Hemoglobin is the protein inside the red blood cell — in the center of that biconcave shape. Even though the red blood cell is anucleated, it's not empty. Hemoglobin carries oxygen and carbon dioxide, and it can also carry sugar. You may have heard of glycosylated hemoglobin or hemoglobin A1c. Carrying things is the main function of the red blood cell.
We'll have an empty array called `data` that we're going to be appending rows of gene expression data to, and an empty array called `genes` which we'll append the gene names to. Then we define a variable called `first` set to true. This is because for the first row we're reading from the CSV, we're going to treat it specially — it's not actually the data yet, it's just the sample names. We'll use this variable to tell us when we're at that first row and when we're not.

...

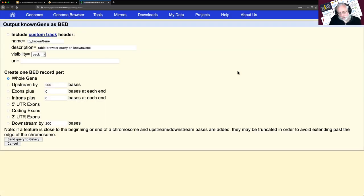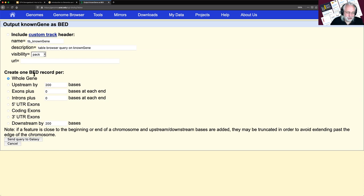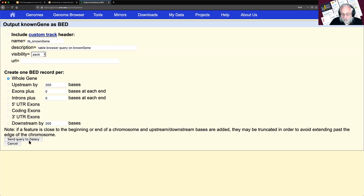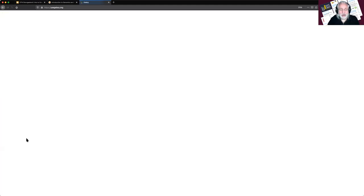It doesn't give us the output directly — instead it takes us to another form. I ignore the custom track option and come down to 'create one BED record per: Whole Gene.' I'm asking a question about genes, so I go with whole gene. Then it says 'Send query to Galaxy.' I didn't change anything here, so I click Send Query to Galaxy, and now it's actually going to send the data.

# Exercise requirements
Where the listing above has a line with "Hemoglobin is the", start there, and output every line exactly through the line with "We'll have an", which is also included.

# Output of the task
Hemoglobin is the protein inside the red blood cell — in the center of that biconcave shape. Even though the red blood cell is anucleated, it's not empty. Hemoglobin carries oxygen and carbon dioxide, and it can also carry sugar. You may have heard of glycosylated hemoglobin or hemoglobin A1c. Carrying things is the main function of the red blood cell.
We'll have an empty array called `data` that we're going to be appending rows of gene expression data to, and an empty array called `genes` which we'll append the gene names to. Then we define a variable called `first` set to true. This is because for the first row we're reading from the CSV, we're going to treat it specially — it's not actually the data yet, it's just the sample names. We'll use this variable to tell us when we're at that first row and when we're not.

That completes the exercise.